- Born: August 2, 1984 (age 40) Columbus, Ohio, United States
- Website: www.jamilemcgee.com

= Jamile McGee =

American b-boy and hip hop dancer (born 1984)

Jamile McGee (born August 2, 1984, in Columbus, Ohio) is an American b-boy and hip hop dancer. He is also known by his dancing name 'Jamz'. Jamile performed on the first season of So You Think You Can Dance.

==Biography==
Jamile began dancing at the age of 4. When he was younger, doctors diagnosed Jamile with Juvenile Rheumatoid Arthritis and predicted that he would most probably be wheel-chair bound for the rest of his life. He was trained at Wright State Dance Department in Dayton, Ohio in addition to several years of dance training in studios across the east coast, and utilizes a wide variety of dance styles. He moved to Baltimore, Maryland from Ohio and continued to dance. He works with the Headliners Competition as a judge and instructor for their National Championships and Legends Conventions.

He auditioned for So You Think You Can Dance in Silver Spring, Maryland and then went on to New York City to win a spot on the Fox reality show. He was eliminated, just before Nick Lazzarini and Melody Lacayanga.

He has since appeared in numerous music videos, including Nelly Furtado's "Maneater", Mariah Carey's "Pepsi Commercial", Chris Brown's "Gimme That", and Rihanna's "SOS". Recently performed on VH1 Diva's Salute to the Troops.

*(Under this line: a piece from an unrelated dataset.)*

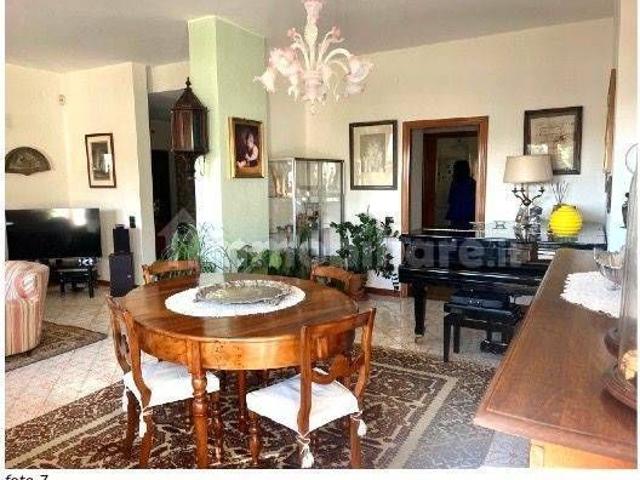 Appartamento buono stato, primo piano, Marechiaro, Napoli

Jamile is the 3rd dancer in the remake of Bobby Brown's "Every Little Step" featuring Wayne Brady and Mike Tyson, which was released on Funny or Die on September 28, 2010. He was on tour with Wayne Brady since February 2009. He had been travelling with Wayne Brady, performing on his improv show in Africa, Europe, and other places around the world. He had been on tour in Las Vegas with Wayne Brady performing weekly until late 2010.